Another poster turned part of the summit agreement into a slogan: “Let’s exert joint efforts to alleviate the acute military tension and eliminate the danger of war on the Korean Peninsula!”

It showed two bulldozers demolishing the heavily armed inter-Korean border and removing a missile bearing the words “joint military drills for invading the North.” In their place, the bulldozers carried banners that read “independent reunification” and “coprosperity.”

The posters’ emphasis on peace and reconciliation, like Kim’s shift to diplomacy, are a drastic departure from last year, when North Korea helped drive the Korean Peninsula to the brink of war by conducting a series of nuclear and missile tests and exchanging threats of nuclear annihilation with the Trump administration.

While exhortations for reunification and inter-Korean cooperation have been standard fare in North Korean propaganda, the new posters were also conspicuously lacking in anti-American messages.
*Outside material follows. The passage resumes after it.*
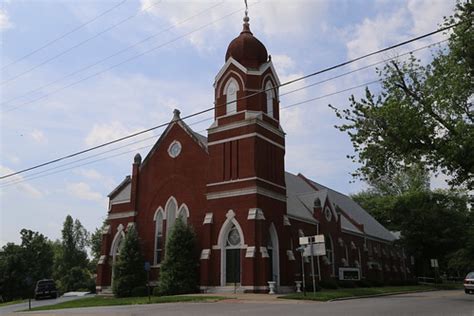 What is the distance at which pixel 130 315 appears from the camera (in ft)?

But it remains to be seen whether, after the Trump-Kim talks in Singapore, North Korea will take down its widespread anti-American propaganda and replace it with a softer message toward the United States.

— Deepening ties

The Chinese state media celebrated Kim’s surprise visit to Beijing — his third since March — saying that China and North Korea had now repaired their fractured relationship for the good of the world.

The Global Times, a nationalist newspaper that loves to mock the United States, said it was unfair to suggest that Kim was exploiting the current trade fight between China and the United States, the world’s two biggest economies.

“Kim Jong-un’s visit to China took place a full week after the North Korean-U.S. summit in Singapore,” the newspaper said. “In addition, the Sino-U.S. trade war is now raging. These two points have been widely mentioned by the United States, South Korea and the Western media.”

But it also warned that people who like “to use everything as ‘cards’ to fight are very guilty.” As two sovereign states, China and North Korea have “the right to develop friendly relations,” it said.

— Concern over China’s role

While Kim was touring Beijing, a conservative South Korean newspaper, JoongAng Ilbo, lamented that China had too much control over the process that is supposed to lead to North Korea’s denuclearization.

The newspaper said in an editorial that the suspension of a major military exercise between the United States and South Korea that had been planned for August was a victory for China, which has long called for an end to such drills. There was surprise in Washington and Seoul, the South Korean capital, when Trump agreed in Singapore to do away with the exercises at Kim’s request.

“The denuclearization process seems to be following a Chinese road map,” JoongAng Ilbo said. “China must not ease up on sanctions to weaken Kim’s will to denuclearize.”